Rep. Alexandria Ocasio-Cortez on Thursday accused Sen. Ted Cruz of almost having her murdered. Really.
She was responding to a two-word tweet from Cruz agreeing with her about the need for a congressional hearing about the recent stock market insanity. “Happy to work w/almost any other GOP that aren’t trying to get me killed,” she wrote, presumably with a straight face, before calling on Cruz to resign.
In fact, Cruz did not try to have AOC murdered. What he did do was formally object to the certification of the Electoral College vote in a more or less ceremonial joint session of Congress on Jan. 6, the same day an angry mob forced its way into the U.S. Capitol.
In AOC’s mind, Cruz is responsible for what happened, along with then-President Trump, Sen.
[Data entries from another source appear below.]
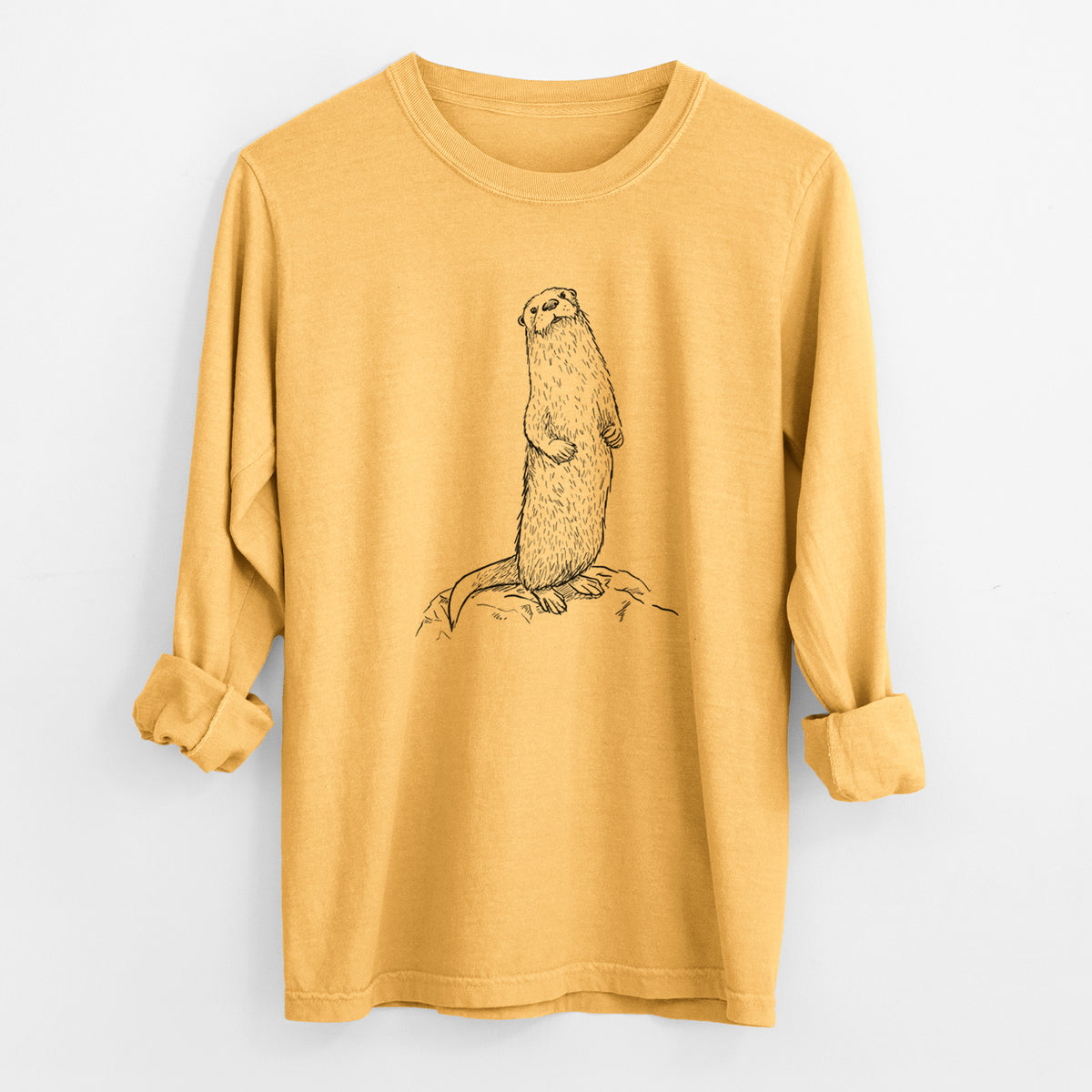 Golden wheat yellow Comfort Colors long sleeve shirt laid flat with the cuffs rolled, printed with a black ink illustration of a river otter standing upright on a rock.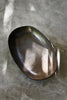 Bronze ceramic family sharing dish styled with stir-fried vegetables on a dinner table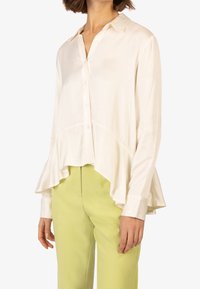 Camicia di seta crema con colletto, chiusura a bottoni e orlo svasato. Abbinata a pantaloni verde chiaro. Texture liscia.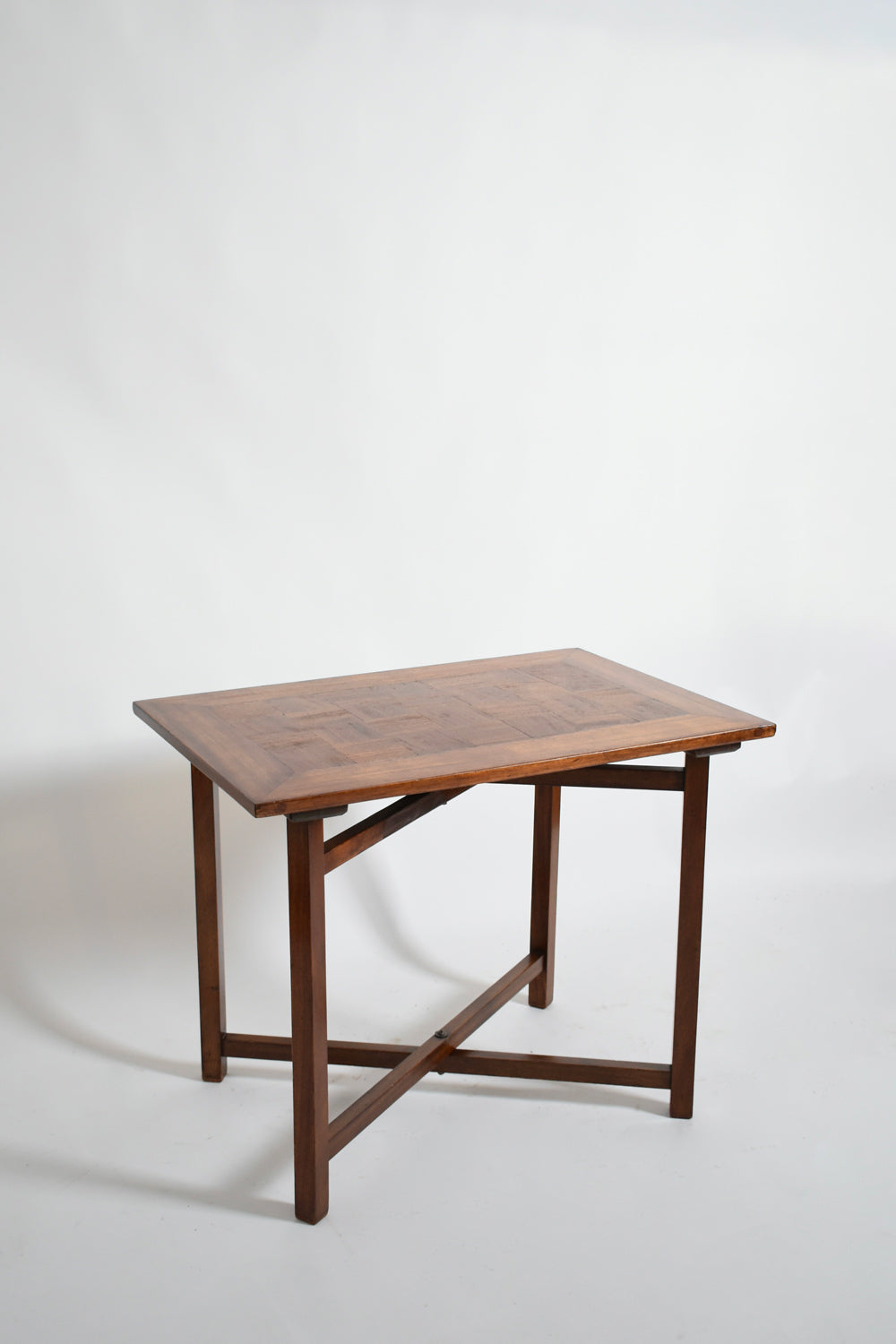 X Shaped Foot Chessboard Table, XIXth c. — angled view showing wooden surface and legs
Josh Hawley, and more than 120 other members of Congress. They incited the mob by questioning the election results, you see, and because some people in that mob were violent and unruly, Cruz and the others basically tried to have AOC murdered. Or so goes this thinking.
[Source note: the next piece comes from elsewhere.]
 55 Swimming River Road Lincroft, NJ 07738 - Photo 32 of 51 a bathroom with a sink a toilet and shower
I am happy to work with Republicans on this issue where there’s common ground, but you almost had me murdered 3 weeks ago so you can sit this one out.
Happy to work w/ almost any other GOP that aren’t trying to get me killed.
In the meantime if you want to help, you can resign. https://t.co/4mVREbaqqm
— Alexandria Ocasio-Cortez (@AOC) January 28, 2021
It’s easy to laugh off AOC’s brittle hyperbole here, but these kinds of outlandish logical leaps have become commonplace in recent weeks, along with a tendency to pretend rote political catchphrases like “fight for your country” or “fight like hell”—a phrase Trump used in his Jan. 6 speech—should be taken literally, as an incitement to violence, which is ridiculous.
Nevertheless, rigid hyper-literalism is all the rage these days in Washington. House Speaker Nancy Pelosi on Thursday said, somewhat cryptically, “the enemy is within” the House, and later explained she was talking about “members of Congress who… have threatened violence on other members of Congress.”
If true, that’s a pretty big deal. But it’s not true. Pelosi was referencing Rep. Marjorie Taylor Greene, a newly elected Republican from Georgia who’s a known QAnon conspiracy theorist. As such, she’s said some pretty idiotic and downright crazy things in recent years.
But it’s one thing to post conspiratorial claptrap on Facebook—as Greene has done—and quite another to threaten actual violence against members of Congress.
Presumably, Pelosi got the idea from a CNN story earlier this week with the strained headline: “Marjorie Taylor Greene indicated support for executing prominent Democrats in 2018 and 2019 before running for Congress.” Again—whoa, if true. But if you read the story, it turns out Greene just wrote some stupid comments online about how Pelosi is a traitor and at one point liked a some Facebook comment about how “a bullet to the head would be quicker” to remove Pelosi from office.
The comment is certainly in poor taste even if it’s obviously a macabre joke, and it no doubt reflects poor judgment that Greene liked it. (Greene issued a statement explaining that over the years different teams of people have managed her social media accounts and have sometimes liked posts or comments that “did not represent my views.”)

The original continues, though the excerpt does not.